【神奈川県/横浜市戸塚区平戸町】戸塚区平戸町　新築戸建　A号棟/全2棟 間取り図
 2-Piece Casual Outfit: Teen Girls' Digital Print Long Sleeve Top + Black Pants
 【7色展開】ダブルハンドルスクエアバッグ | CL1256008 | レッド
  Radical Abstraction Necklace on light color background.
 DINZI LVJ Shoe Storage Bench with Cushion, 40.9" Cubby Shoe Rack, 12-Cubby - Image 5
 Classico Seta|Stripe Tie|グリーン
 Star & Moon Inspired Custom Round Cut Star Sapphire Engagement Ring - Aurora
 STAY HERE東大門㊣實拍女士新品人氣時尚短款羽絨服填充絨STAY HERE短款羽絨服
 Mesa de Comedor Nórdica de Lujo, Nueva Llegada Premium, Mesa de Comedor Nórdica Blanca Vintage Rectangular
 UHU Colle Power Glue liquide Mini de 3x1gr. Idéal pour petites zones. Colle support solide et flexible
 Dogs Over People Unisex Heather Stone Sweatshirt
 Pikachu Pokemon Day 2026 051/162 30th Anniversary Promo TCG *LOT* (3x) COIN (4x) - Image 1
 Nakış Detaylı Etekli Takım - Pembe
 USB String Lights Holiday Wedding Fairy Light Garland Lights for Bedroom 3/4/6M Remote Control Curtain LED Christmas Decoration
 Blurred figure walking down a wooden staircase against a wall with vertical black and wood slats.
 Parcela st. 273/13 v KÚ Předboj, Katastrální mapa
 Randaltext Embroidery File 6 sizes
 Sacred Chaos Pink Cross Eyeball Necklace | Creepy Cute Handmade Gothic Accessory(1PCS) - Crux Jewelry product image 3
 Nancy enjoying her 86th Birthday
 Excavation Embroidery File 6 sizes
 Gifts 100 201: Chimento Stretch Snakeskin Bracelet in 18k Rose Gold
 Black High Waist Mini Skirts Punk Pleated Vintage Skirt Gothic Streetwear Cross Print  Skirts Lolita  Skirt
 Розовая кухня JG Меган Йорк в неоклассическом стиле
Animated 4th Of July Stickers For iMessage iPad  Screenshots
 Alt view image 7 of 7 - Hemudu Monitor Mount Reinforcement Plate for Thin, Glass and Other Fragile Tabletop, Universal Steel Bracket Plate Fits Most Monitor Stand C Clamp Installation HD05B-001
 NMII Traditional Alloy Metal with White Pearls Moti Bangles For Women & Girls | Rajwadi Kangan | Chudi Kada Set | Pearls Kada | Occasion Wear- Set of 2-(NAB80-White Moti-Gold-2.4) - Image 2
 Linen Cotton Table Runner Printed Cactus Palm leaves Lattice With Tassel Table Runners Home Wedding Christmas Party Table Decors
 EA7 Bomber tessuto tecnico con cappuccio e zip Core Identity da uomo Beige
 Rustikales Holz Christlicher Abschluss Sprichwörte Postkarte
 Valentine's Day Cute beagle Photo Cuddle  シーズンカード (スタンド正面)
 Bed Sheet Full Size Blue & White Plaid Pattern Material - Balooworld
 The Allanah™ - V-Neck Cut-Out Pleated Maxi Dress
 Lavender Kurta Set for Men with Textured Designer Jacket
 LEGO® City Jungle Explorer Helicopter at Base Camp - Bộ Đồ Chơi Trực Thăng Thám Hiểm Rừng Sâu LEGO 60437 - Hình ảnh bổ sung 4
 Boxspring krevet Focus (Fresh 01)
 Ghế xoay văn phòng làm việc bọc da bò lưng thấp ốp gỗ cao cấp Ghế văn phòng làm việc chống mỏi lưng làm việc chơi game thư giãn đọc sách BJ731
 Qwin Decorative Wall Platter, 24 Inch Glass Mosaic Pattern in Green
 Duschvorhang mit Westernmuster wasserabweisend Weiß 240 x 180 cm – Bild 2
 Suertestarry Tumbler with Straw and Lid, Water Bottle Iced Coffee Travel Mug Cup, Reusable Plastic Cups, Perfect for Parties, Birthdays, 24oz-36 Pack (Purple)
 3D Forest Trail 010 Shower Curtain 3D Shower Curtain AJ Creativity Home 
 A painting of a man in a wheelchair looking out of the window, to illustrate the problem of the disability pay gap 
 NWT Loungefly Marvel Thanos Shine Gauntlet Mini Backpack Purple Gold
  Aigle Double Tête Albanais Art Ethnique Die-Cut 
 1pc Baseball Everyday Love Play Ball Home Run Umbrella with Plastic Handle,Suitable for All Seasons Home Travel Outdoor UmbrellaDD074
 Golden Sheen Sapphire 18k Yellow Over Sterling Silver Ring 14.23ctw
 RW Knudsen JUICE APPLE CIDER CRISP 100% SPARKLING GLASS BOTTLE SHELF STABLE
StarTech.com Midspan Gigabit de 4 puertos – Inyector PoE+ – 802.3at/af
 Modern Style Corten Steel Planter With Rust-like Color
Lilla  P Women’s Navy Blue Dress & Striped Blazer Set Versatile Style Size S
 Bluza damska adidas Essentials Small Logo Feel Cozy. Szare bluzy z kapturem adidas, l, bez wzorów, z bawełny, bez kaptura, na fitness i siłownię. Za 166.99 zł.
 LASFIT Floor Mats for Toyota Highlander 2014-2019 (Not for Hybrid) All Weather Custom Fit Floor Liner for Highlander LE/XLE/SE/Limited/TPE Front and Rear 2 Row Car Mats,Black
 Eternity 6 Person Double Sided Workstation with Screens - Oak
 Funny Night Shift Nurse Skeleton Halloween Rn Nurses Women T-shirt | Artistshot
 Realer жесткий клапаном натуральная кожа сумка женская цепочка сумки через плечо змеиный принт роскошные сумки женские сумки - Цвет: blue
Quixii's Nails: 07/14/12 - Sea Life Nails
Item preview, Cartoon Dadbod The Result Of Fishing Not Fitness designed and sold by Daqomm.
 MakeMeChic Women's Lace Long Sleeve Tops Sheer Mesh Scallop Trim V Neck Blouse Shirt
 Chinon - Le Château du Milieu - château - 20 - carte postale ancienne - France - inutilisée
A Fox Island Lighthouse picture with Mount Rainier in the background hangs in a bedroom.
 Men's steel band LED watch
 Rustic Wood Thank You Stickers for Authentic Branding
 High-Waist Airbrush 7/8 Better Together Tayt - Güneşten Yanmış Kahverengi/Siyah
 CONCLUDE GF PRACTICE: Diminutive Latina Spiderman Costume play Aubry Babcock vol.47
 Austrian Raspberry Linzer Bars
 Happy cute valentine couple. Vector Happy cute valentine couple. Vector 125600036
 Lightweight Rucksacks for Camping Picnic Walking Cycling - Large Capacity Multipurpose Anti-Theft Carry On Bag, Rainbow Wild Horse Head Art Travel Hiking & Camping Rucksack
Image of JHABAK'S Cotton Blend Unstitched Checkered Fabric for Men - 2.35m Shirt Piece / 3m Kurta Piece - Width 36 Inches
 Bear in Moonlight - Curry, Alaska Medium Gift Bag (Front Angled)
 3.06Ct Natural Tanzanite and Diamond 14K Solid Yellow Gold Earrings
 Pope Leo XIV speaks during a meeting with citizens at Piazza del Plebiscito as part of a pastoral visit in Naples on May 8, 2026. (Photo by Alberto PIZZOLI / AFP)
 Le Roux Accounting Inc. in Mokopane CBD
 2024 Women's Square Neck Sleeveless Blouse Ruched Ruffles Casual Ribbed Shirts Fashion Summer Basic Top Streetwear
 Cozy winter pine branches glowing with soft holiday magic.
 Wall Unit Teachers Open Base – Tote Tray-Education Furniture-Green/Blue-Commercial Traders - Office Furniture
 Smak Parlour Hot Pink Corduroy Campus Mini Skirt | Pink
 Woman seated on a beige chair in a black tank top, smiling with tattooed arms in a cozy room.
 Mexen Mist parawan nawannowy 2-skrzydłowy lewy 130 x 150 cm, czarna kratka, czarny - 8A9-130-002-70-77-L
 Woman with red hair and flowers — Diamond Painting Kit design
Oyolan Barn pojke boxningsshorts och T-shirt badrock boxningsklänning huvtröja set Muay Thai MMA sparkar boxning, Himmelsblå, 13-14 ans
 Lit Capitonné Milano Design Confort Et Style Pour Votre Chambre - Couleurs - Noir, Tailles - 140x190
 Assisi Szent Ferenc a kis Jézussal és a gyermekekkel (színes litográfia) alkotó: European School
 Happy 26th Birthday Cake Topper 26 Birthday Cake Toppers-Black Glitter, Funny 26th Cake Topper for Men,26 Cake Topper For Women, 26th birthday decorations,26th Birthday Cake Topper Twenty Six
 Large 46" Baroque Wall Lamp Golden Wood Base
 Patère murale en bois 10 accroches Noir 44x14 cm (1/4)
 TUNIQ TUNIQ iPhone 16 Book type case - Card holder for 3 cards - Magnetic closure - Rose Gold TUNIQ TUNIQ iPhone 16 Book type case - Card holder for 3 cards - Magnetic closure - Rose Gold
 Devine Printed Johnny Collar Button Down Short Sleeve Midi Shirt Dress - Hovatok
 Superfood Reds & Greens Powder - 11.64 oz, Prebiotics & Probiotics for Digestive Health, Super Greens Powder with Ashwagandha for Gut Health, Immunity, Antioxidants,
****************************************
§ THE TASK
Above are the entries. Copy exactly the part that opens with the line containing "NWT Loungefly Marvel" and closes with the line containing "Quixii's Nails: 07/14/12 - Sea Life Nails", and no more.

§ RESPONSE BELOW
 NWT Loungefly Marvel Thanos Shine Gauntlet Mini Backpack Purple Gold
  Aigle Double Tête Albanais Art Ethnique Die-Cut 
 1pc Baseball Everyday Love Play Ball Home Run Umbrella with Plastic Handle,Suitable for All Seasons Home Travel Outdoor UmbrellaDD074
 Golden Sheen Sapphire 18k Yellow Over Sterling Silver Ring 14.23ctw
 RW Knudsen JUICE APPLE CIDER CRISP 100% SPARKLING GLASS BOTTLE SHELF STABLE
StarTech.com Midspan Gigabit de 4 puertos – Inyector PoE+ – 802.3at/af
 Modern Style Corten Steel Planter With Rust-like Color
Lilla  P Women’s Navy Blue Dress & Striped Blazer Set Versatile Style Size S
 Bluza damska adidas Essentials Small Logo Feel Cozy. Szare bluzy z kapturem adidas, l, bez wzorów, z bawełny, bez kaptura, na fitness i siłownię. Za 166.99 zł.
 LASFIT Floor Mats for Toyota Highlander 2014-2019 (Not for Hybrid) All Weather Custom Fit Floor Liner for Highlander LE/XLE/SE/Limited/TPE Front and Rear 2 Row Car Mats,Black
 Eternity 6 Person Double Sided Workstation with Screens - Oak
 Funny Night Shift Nurse Skeleton Halloween Rn Nurses Women T-shirt | Artistshot
 Realer жесткий клапаном натуральная кожа сумка женская цепочка сумки через плечо змеиный принт роскошные сумки женские сумки - Цвет: blue
Quixii's Nails: 07/14/12 - Sea Life Nails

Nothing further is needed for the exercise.